De beroepscommissie stelt vast dat klager verblijft in het Penitentiair Psychiatrisch Centrum (PPC) van de p.i. Vught. Het PPC Vught is een afdeling met een individueel regime als bedoeld in artikel 22 van de Pbw. In de Memorie van Toelichting bij dit
artikel heeft de wetgever bepaald dat het kenmerk van het individuele regime is dat eventueel per dag kan worden bepaald of en in welke mate een gedetineerde aan gemeenschappelijke activiteiten kan deelnemen. Uit de wettelijke bepaling en de
toelichting
hierop volgt dat het de bedoeling is de directeur in de gelegenheid te stellen maatwerk toe te passen bij de invulling van het concrete regime voor een gedetineerde in een individueel regime, met name voor wat betreft diens deelname aan
gemeenschappelijke activiteiten. Hierbij kan voor zover dat mogelijk en verantwoord is aansluiting worden gezocht bij het regime van beperkte gemeenschap. Tussen het regime van beperkte gemeenschap en het individuele regime bestaat echter geen
dwingende
koppeling. De wettelijke eisen die artikel 3, derde lid, van de Penitentiaire Maatregel (Pm) stelt aan het aanbieden van activiteiten en bezoek in een regime van beperkte gemeenschap gelden dan ook niet voor een individueel regime. Gezien het
vooroverwogene zal de beroepscommissie de uitspraak van de beklagrechter vernietigen en klager alsnog ontvankelijk verklaren in het beklag.

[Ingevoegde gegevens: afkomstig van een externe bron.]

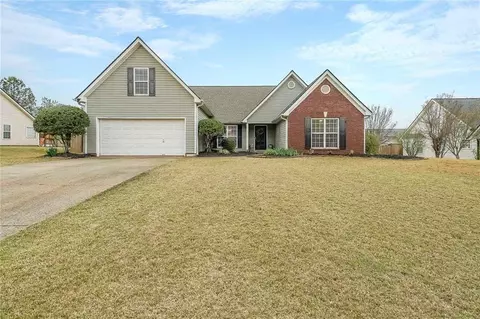 5614 Mohave Ct, Flowery Branch, GA 30542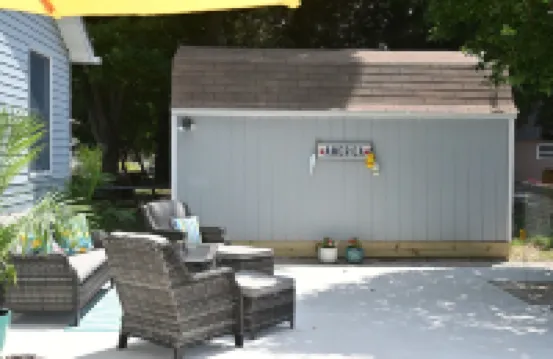 NEW LISTING!!! Beautiful Bayview Cottage a short walk to the beach Hotels in Villas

Klagers raadsvrouw stelt dat de beginselen van een zinvol programma en van minimale beperkingen – zoals opgenomen in de door de RSJ vastgestelde beginselen van goede bejegening – zijn geschonden, maar heeft dit niet onderbouwd. Nu niet is gebleken dat
klager te lang wordt ingesloten, te weinig vrijheid heeft of aan te veel beperkingen wordt onderworpen, zal de beroepscommissie het beklag ongegrond verklaren.

Ten aanzien van onderdeel b. komt de beroepscommissie tot het oordeel dat de beklagrechter op goede gronden en met juistheid op het beklag heeft beslist. Het beroep zal derhalve ongegrond worden verklaard.

4. De uitspraak
De beroepscommissie vernietigt ten aanzien van onderdeel a. de uitspraak van de beklagrechter, verklaart klager alsnog ontvankelijk in zijn beklag, maar verklaart dit beklag ongegrond.
De beroepscommissie verklaart het beroep ten aanzien van onderdeel b. ongegrond en bevestigt de uitspraak van de beklagrechter.

Aldus gegeven door de beroepscommissie voornoemd, bestaande uit mr. M.M. van der Nat, voorzitter, mr. C.M. van der Bas en J. Schagen MA, leden, in tegenwoordigheid van
mr. S. Blankenspoor, secretaris, op 9 februari 2017.